全世界都欺负她。
所有的委屈爆发出来,唐芝钰心中的委屈越来越多,自然而然地就哭了。
真正令她崩溃的是她一路上经历了这么多,却没有等到李玄宁,连李玄宁都抛弃她了,情绪一下子就完全崩溃了。
“哭什么?”随着一道带着叹息的声音传来,一辆黑车从旁边开了过来,停在了唐芝钰的身边。
“你没走啊?”唐芝钰听到熟悉的声音,蓦然抬头。
看到是李玄宁,真是又惊又喜,一时也忘记哭了。
“我要是走了,能看得到你哭得这么惨的好戏吗?”
“该死!就知道看我笑话,你就是故意的。”唐芝钰将手中惦着的掉了跟的高跟鞋一下子扔了过去。
李玄宁接住高跟鞋扔在了一旁:“你要是再谋杀我,我真的不带你了,只给你这一次机会,还不上来。”
唐芝钰忍住用另一个高跟鞋拍他的冲动,将车门打开坐了进去。
她刚才走的时候不觉得,现在一进来就觉得脚硌得好难受。
她翻看一眼,脚跟处都起泡了。
她心疼地摸着自己磨出泡的脚,唏嘘了一声,为自己愤愤不平:“都是你,你刚才跑到哪里去了?为什么我给你打电话你不接?”
“你都迟到了一个小时啊我还没有说你什么,你倒是怪罪起我来了,我以为你不会来了,就开车去那边买了一些东西,至于电话不接?我比较习惯于经常关机,一关机就不会记得开机的事情,所以一时忘记也是情有可原,若不是我觉得怕你可能被人给绑架或者是出了别的事返回来看看你,早就走了,你应该感谢我猜对。”

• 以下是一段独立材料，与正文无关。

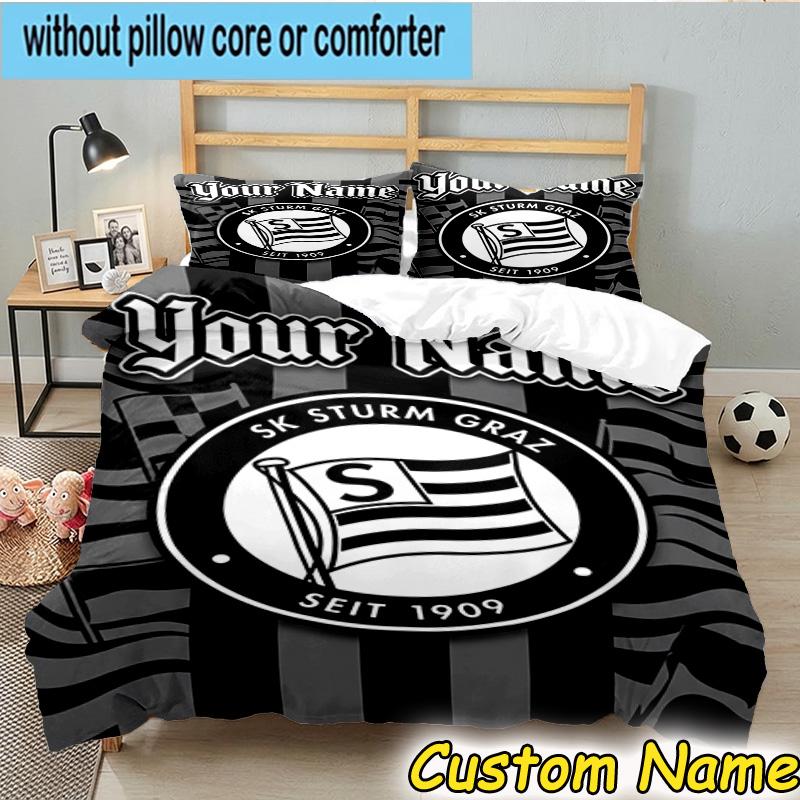 Custom Name Sturm Graz Football Crest Bedding Set 3PCS Duvet Cover Closure Includes 1 Duvet Cover & 2 Pillowcases for All Seasons Bedroom Decor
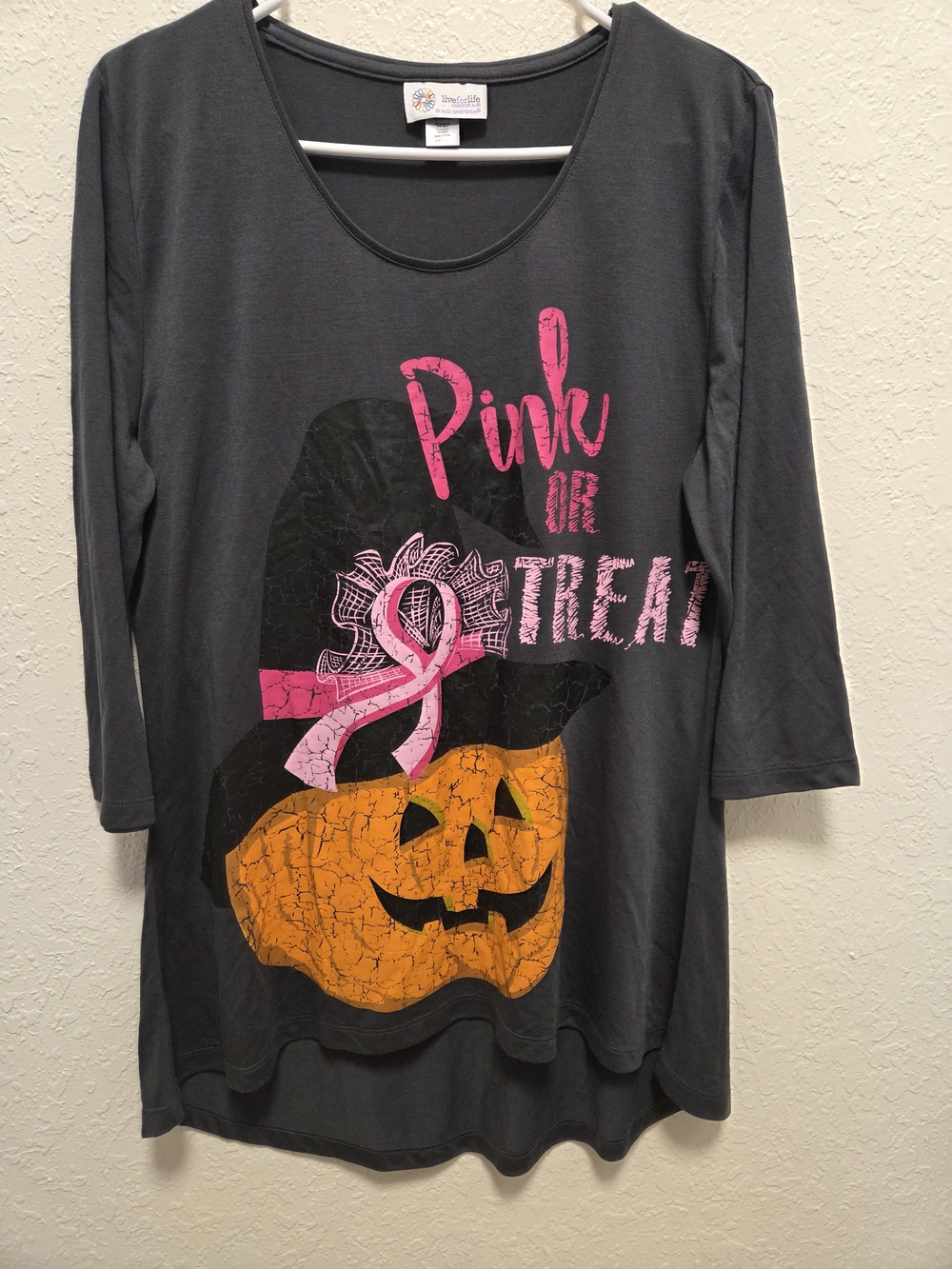 Breast Cancer Awareness Pink or Treat' Halloween Pumpkin Tunic - Picture 2 of 2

“感谢你个头!”唐芝钰心中也觉得李玄宁说得很有道理,但向来倔脾气的她从来不主动承认自己错了,“不就晚了一会儿吗?你就等不了了,一点都不绅士,要是姐夫,他等姐姐多久都会心甘情愿的。”
“你对我堂哥印象倒是挺好。”
唐芝钰得意道:“那当然,我姐姐的眼光肯定是极好的,我还从来没有见过一个像姐夫这么英俊潇洒、迷人的人,时而冷酷,时而认真,时而神情,时而痞痞的、坏坏的……简直就是男人中的完美男人。”
“他既然这么完美,你怎么不去追他?”李玄宁反问。
“我当然不能追了,君子不夺人所好,我是不会做可耻的被人人口诛笔伐的第三者的,再说,人与人之间在一起讲究的是缘分,我觉得姐夫好,一则是因为他真的优秀,二是我觉得他对我姐好,我对她纯粹就是一种欣赏的态度,”她鄙视道:“看你这心理,还想鼓动我起抢我姐姐的男朋友?你心眼怎么这么坏啊!你这是要将我往偏路上带啊!”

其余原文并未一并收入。